It can be useful to think of chrominance as the X to Z plane, with Y divided out to form an equi-energy projection. Here are the MacAdam “Moment” elliptical shapes, when projected into this equi-chrominance projection, cropped for clarity:

And here’s BT.709 projected into this chrominance plane:

The final “ratios” of underlying current stimulus are derived from the simple Euclidean distance ratios, which given they are ratios, plausibly is a direct line to the underlying differentials:

If we wander down this path of nonsense, total “neurophysiological” influence is the combined force of the resultant neurophysiological differentials, where “differentials” are not only the differences of the absorptive profiles, but the On-Off and Off-On assemblies:

  • The (P+D) signal can be broadly considered {Y}.
  • The combined vector magnitude of the (P-D) and (P+D)-T signal path is entwined in X to Z.

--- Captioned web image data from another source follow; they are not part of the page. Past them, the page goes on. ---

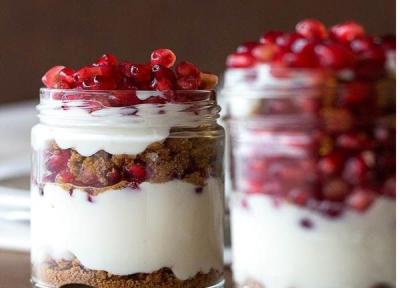 طرز تهیه پارافه انار ، ترفندهای پف کردن و نخوابیدن پف خامه پارفه انار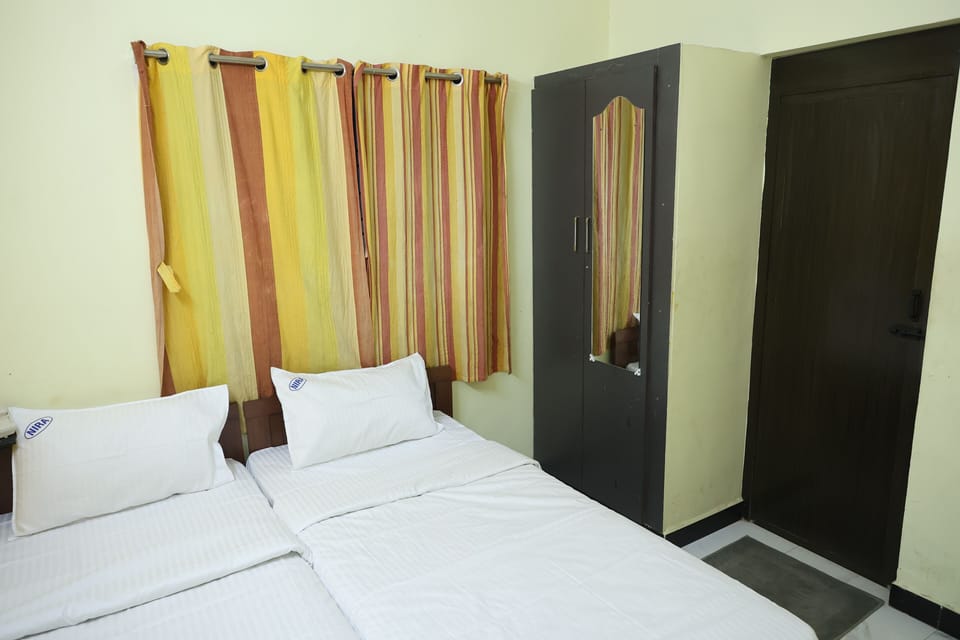 Classic Double Room | Desk, free WiFi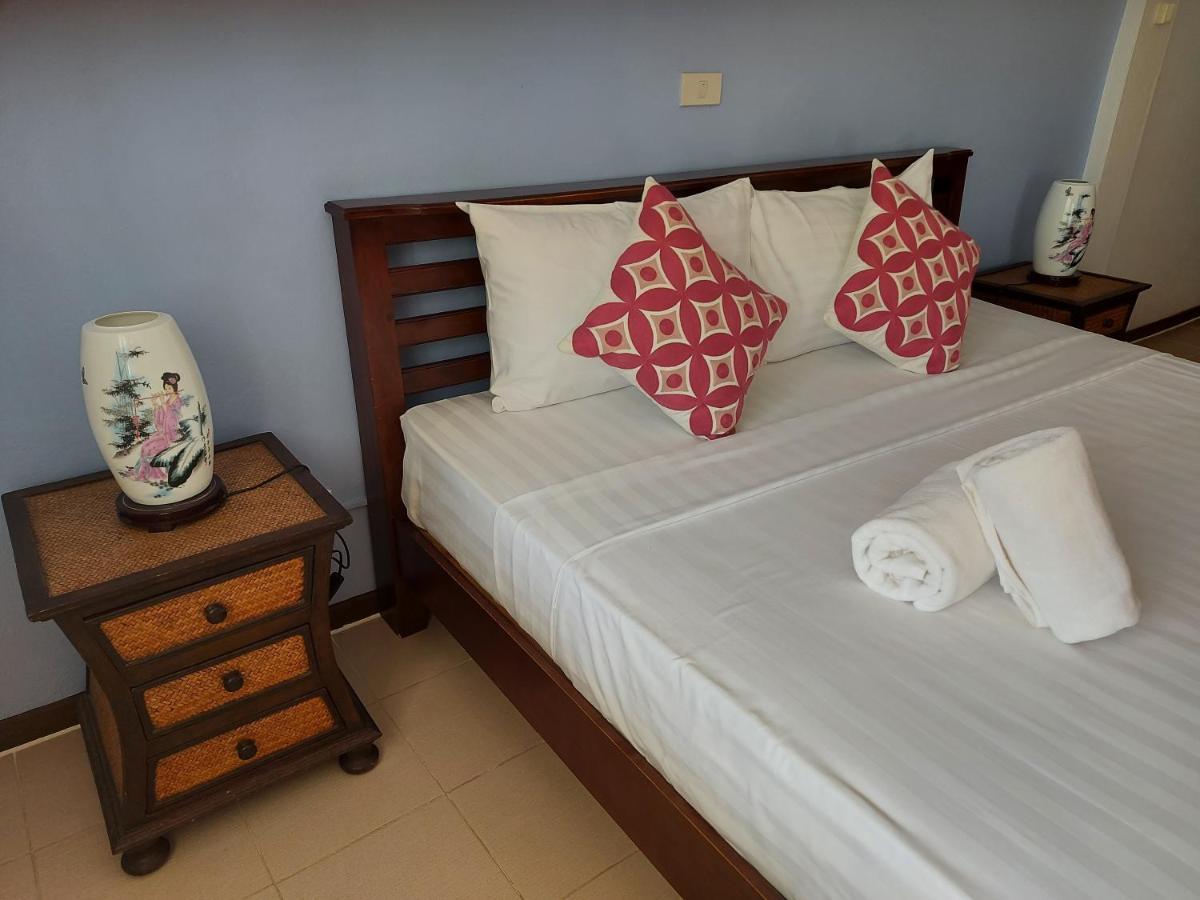 The Beach Boutique Resort Ban Pak Nam Pran Exterior photo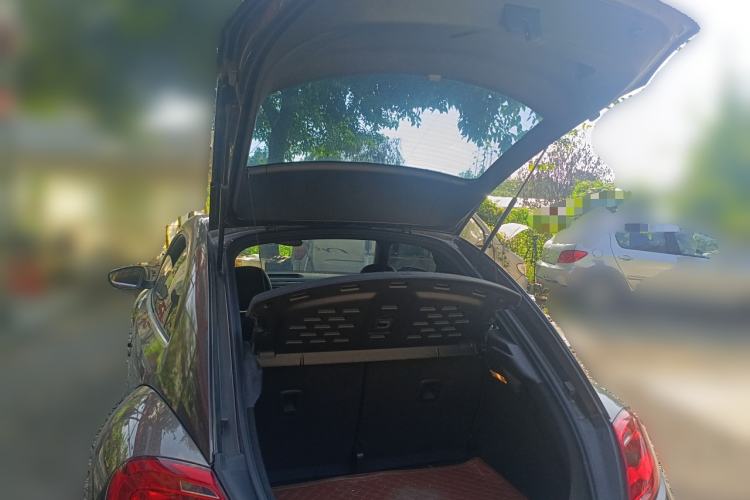 Used Volkswagen Beetle 2013 1.2TSI Fashion Edition Trunk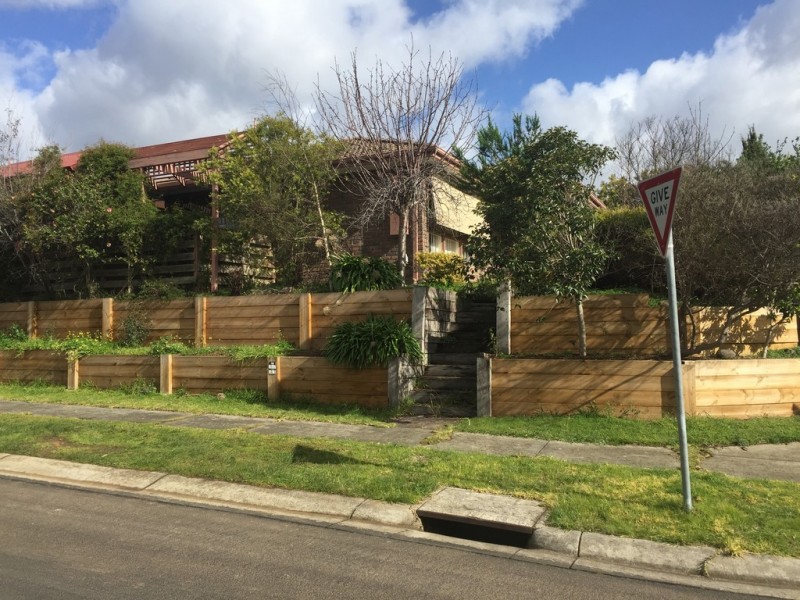 262 Plenty River Drive, Greensborough VIC 3088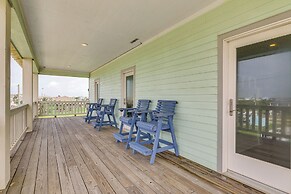 Walk to Coast: Crystal Beach Gem w/ Deck & Views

This means we should be able to calculate the ratios of gains of energy required to hit the target global frame achromatic using the ratios of either Y or the X to Z magnitudes. Using the projection above, the total Euclidean distance of the chrominance vectors is 5.239601 + 0.407705, for a total of 5.647306. If we divide each vector magnitude by the sum, we end up with the two cases for BT.709 “blue” and “yellow”:

  1. 0.407705 / 5.647306 which yields 0.07219460039.
  2. 5.239601 / 5.647306 which yields 0.9278053996.

If those resulting ratio values look awfully familiar to folks, they should. Those happen to be the luminance weights of BT.709 “blue” and “yellow” respectively.

Incriminating Evidence against CAMs and UCSs

Moving along, if we consider literally all of the Colour Appearance Models and Uniform Colour Space attempts that have been made over the past half of a century, a peculiar trend line follows out of them. Let’s take a look by way of a post here on the forum, cropped, flipped, and collated against a Uniform Colour Model, and a Totally Not CAM / UCS Model from Yours Truly. The “model” I generated was simply a pure luminance mapping, with attenuation of purity to hit the target luminance, such as when a given luminance was unachievable at the mapping peg position. Note how all of the “clefts” in the CAMs match the exact clefts in the UCS, which in turn match the exact clefts in the luminance mapper:

If we were to plot the chrominance ratios for a similar sweep of tristimulus using BT.709, it looks like this:

Here is the exact same measurement, inverted as over complementary values that accumulate to the achromatic Grassmann middle:

I believe it was Luke who, in the most recent meeting, stated:

The relationship between linear light and J is different than the relationship between linear light and M.

If we correct for that pattern, by way of gaining the underlying magnitudes of the tristimulus, I’ll leave it up to the reader to speculate with a wild guess as to what model we end up with if we were to indeed yield constant relationships between the chrominance ratio and the luminance ratio. Here is a passage of an example of the stated problem from the MacAdam original work:

Figure 1 can be used to advantage in any problem in which a neutral additive mixture is to be established. If, for instance, it is necessary to secure a white image on the screen in connection with an additive method of projection of colored photographs, suitable relative brightnesses of the three projection primaries can be readily determined.

Chrominance: The Shortcut

Given we are already often in balanced systems, working through the values from the Standard Observer has a direct shortcut. Chrominance is to Luminance as:

  1. Luminance = (R_w * R) + (G_w * G) + (B_w * B)
  2. Chrominance = max(RGB) - Luminance(RGB)

If that happens to look all too convenient, it is because RGB is already engineered to be a balanced system, and the underlying “force” gains are baked into the model. To recover the magnitude we just have to “extract” it.

Note the definition of chrominance here is following the one outlined by Boynton2, and is congruent with the other definitions such as those of Chromatic Strength, Complementation Valence, from folks such as Evans and Swenholt, Hurvich and Jameson, and Sinden:

We are now in a position to define a new term: chrominance. Whereas luminance refers to a weighted measure of stimulus energy, which takes into account the spectral sensitivity of the eye to brightness, chrominance refers to a weighted measure of stimulus energy, which takes into account the spectral sensitivity of the eye to color.

The simple description is that vector magnitude between X to Z.

1 MacAdam, David L. “Photometric Relationships Between Complementary Colors*.” Journal of the Optical Society of America 28, no. 4 (April 1, 1938): 103. Photometric Relationships Between Complementary Colors*.

2Boynton, Robert M. “Theory of Color Vision.” Journal of the Optical Society of America 50, no. 10 (October 1, 1960): 929. Theory of Color Vision.